● **DATA EXTRACT**:

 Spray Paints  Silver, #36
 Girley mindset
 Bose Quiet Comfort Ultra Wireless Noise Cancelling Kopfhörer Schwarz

● **YOUR INSTRUCTIONS**: Without leaving anything out, output all of the data above exactly.

● **REPLY TO THE EXERCISE**:
 Spray Paints  Silver, #36
 Girley mindset
 Bose Quiet Comfort Ultra Wireless Noise Cancelling Kopfhörer Schwarz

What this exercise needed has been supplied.